Work request. Every entry should be returned unchanged, with the pictures omitted.

___ Data supplied

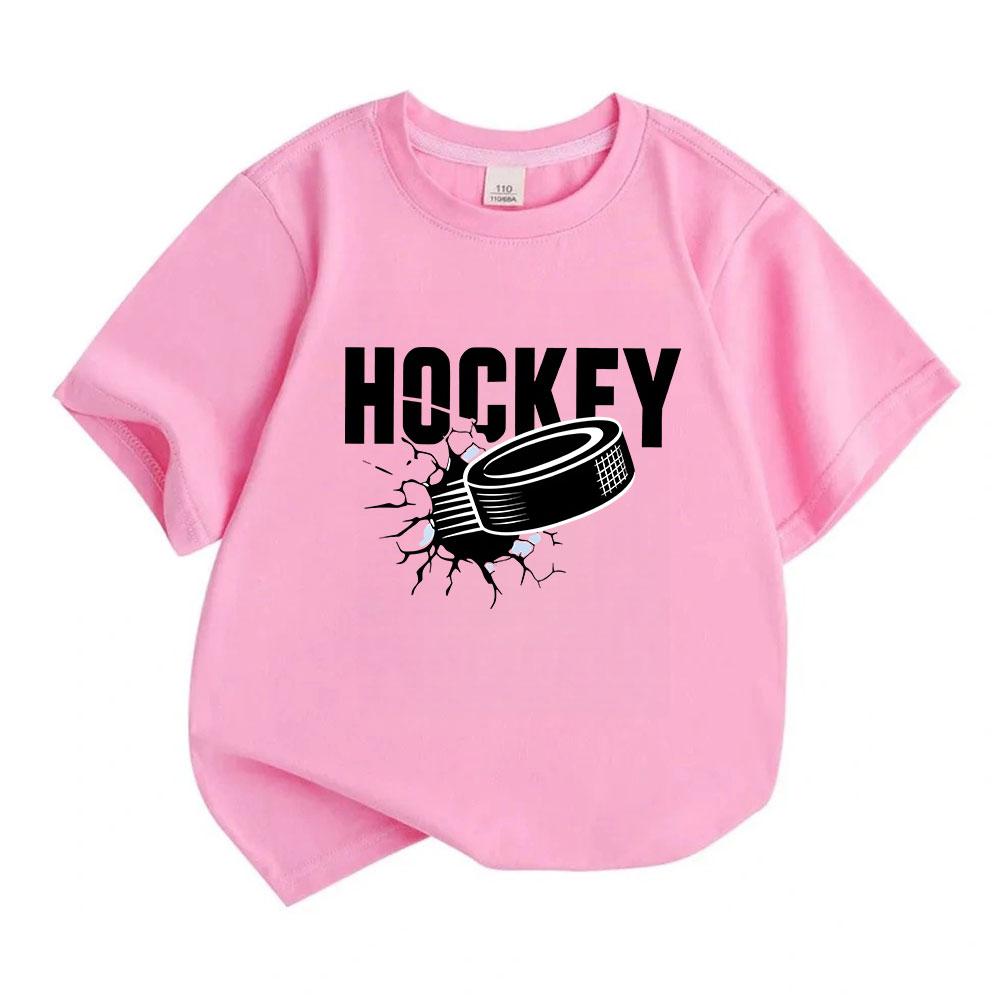 Kids Boys Girls 100% Cotton Crew Neck Short Sleeve T-Shirt, Cool Ice Breaking Hockey Puck Print Casual Soft Daily Tees for Sports Game Playing Summer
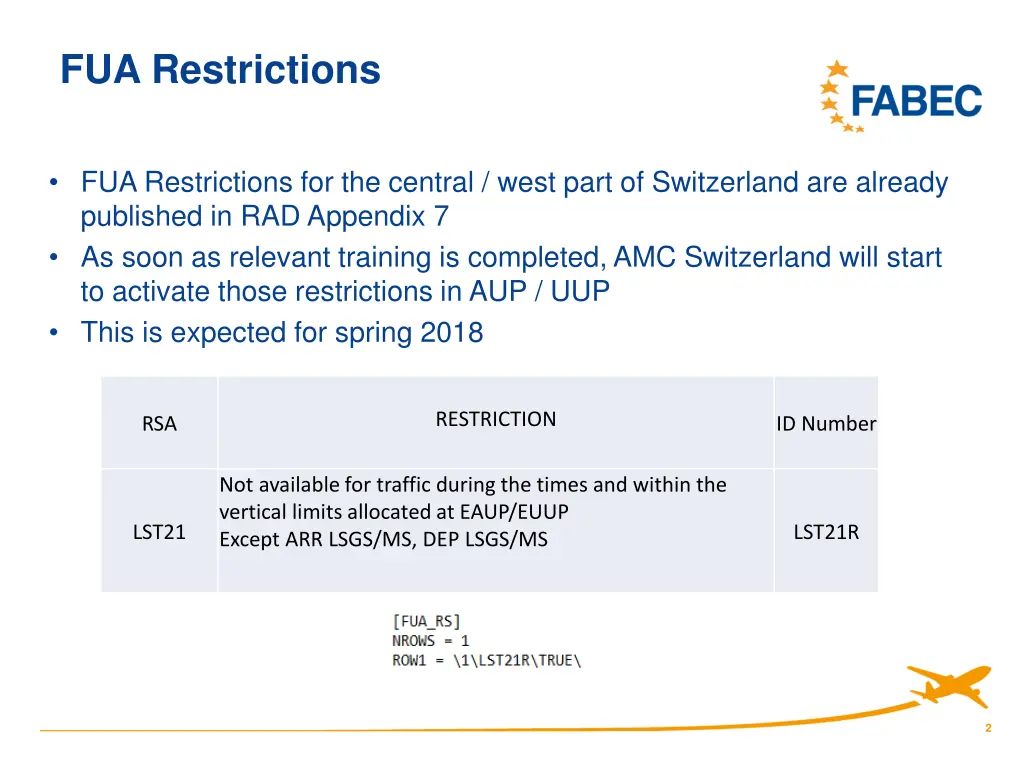 fua restrictions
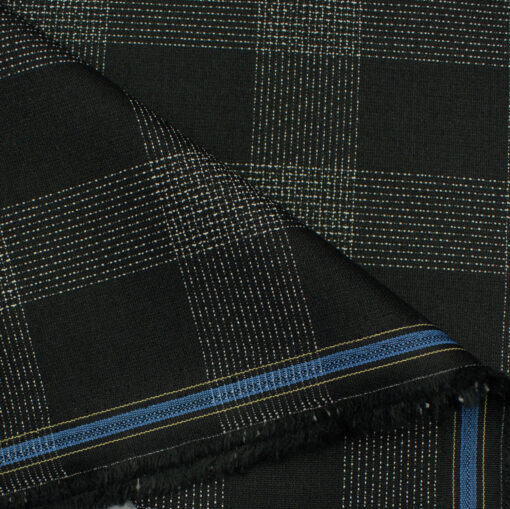 Don & Julio Men's Terry Rayon Checks 3.75 Meter Unstitched Suiting Fabric (Black)
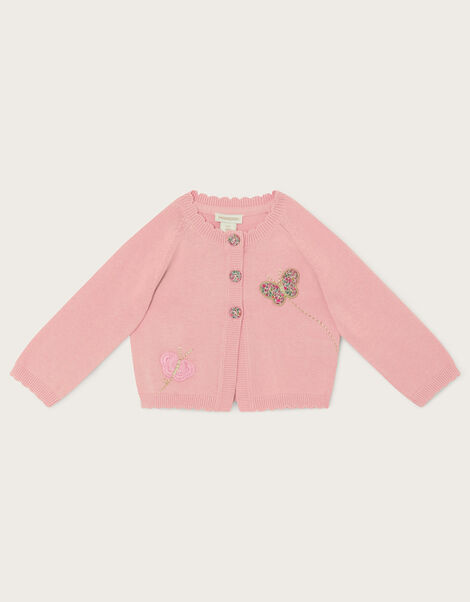 Newborn Butterfly Cardigan Pink, Pink (PINK), large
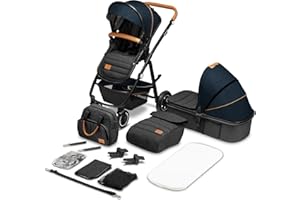 LIONELO Amber Coche de bebé multifuncional 2 en 1 Conjunto silla de paseo con el Asiento de Cubo e Capazo Manillar regulable Bolsa Mosquitero Protector de lluvia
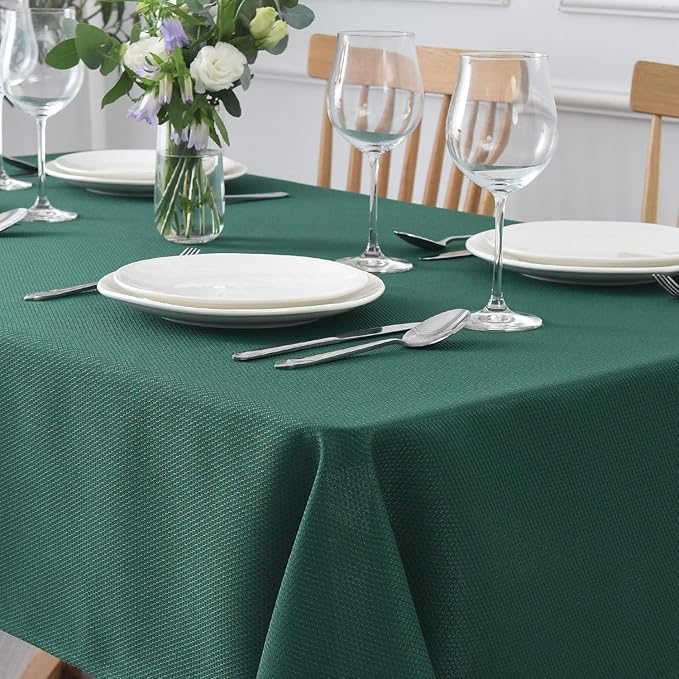 maxmill Jacquard Tablecloth Stain Resistant Waterproof Wrinkle Resistant Spillproof Washable Soft Textured Table Cloth for Dining Room, Indoor and Outdoor Use, Rectangle 60 x 140 Inch, Hunter Green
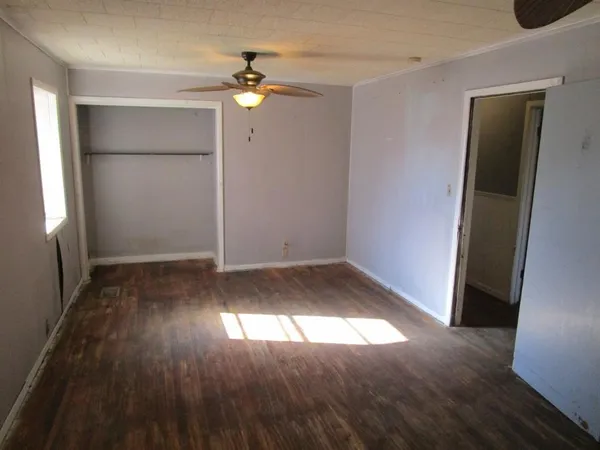 a view of a small space with a window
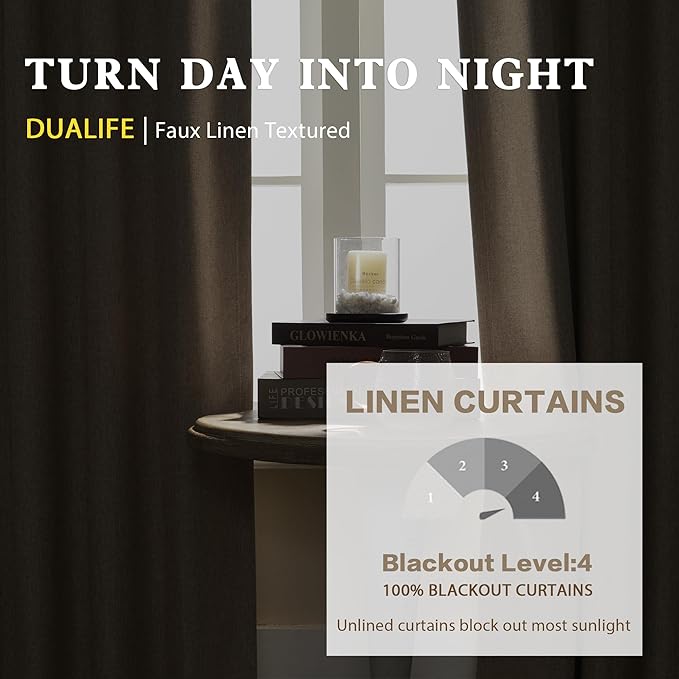 DUALIFE Extra Long Curtains 108 Inch for Bedroom 2 Panels Set - Back Tab/Rod Pocket Blackout Thermal Insulated Room Darkening Curtains for Living Room (52 x 108 Inches, 2 Panels,Taupe,9ft)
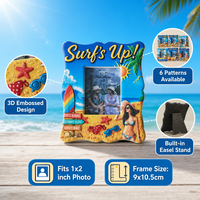 Bingkai Foto Keramik Mini 1*2" Desain Kustom 3D Embossed Persegi Panjang Bingkai Gambar Meja Cetak UV Hadiah Liburan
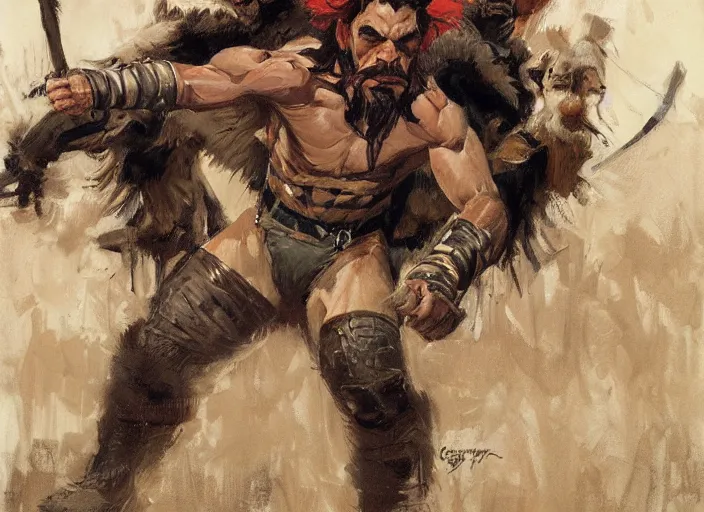 Prompt: a highly detailed beautiful portrait of the kraven the hunter, by gregory manchess, james gurney, james jean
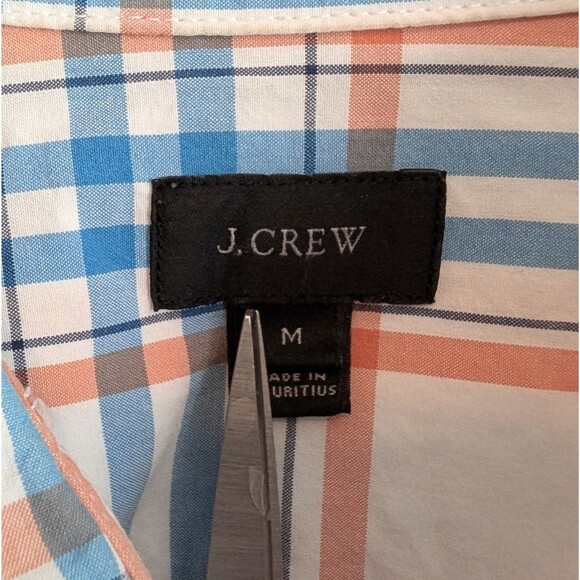 J.Crew Size Medium Orange Plaid Dress Shirt Mens Button Down Top White Blue LS M - Picture 2 of 4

______

Result of this task.
 Kids Boys Girls 100% Cotton Crew Neck Short Sleeve T-Shirt, Cool Ice Breaking Hockey Puck Print Casual Soft Daily Tees for Sports Game Playing Summer
 fua restrictions
 Don & Julio Men's Terry Rayon Checks 3.75 Meter Unstitched Suiting Fabric (Black)
 Newborn Butterfly Cardigan Pink, Pink (PINK), large
 LIONELO Amber Coche de bebé multifuncional 2 en 1 Conjunto silla de paseo con el Asiento de Cubo e Capazo Manillar regulable Bolsa Mosquitero Protector de lluvia
 maxmill Jacquard Tablecloth Stain Resistant Waterproof Wrinkle Resistant Spillproof Washable Soft Textured Table Cloth for Dining Room, Indoor and Outdoor Use, Rectangle 60 x 140 Inch, Hunter Green
 a view of a small space with a window
 DUALIFE Extra Long Curtains 108 Inch for Bedroom 2 Panels Set - Back Tab/Rod Pocket Blackout Thermal Insulated Room Darkening Curtains for Living Room (52 x 108 Inches, 2 Panels,Taupe,9ft)
 Bingkai Foto Keramik Mini 1*2" Desain Kustom 3D Embossed Persegi Panjang Bingkai Gambar Meja Cetak UV Hadiah Liburan
 Prompt: a highly detailed beautiful portrait of the kraven the hunter, by gregory manchess, james gurney, james jean
 J.Crew Size Medium Orange Plaid Dress Shirt Mens Button Down Top White Blue LS M - Picture 2 of 4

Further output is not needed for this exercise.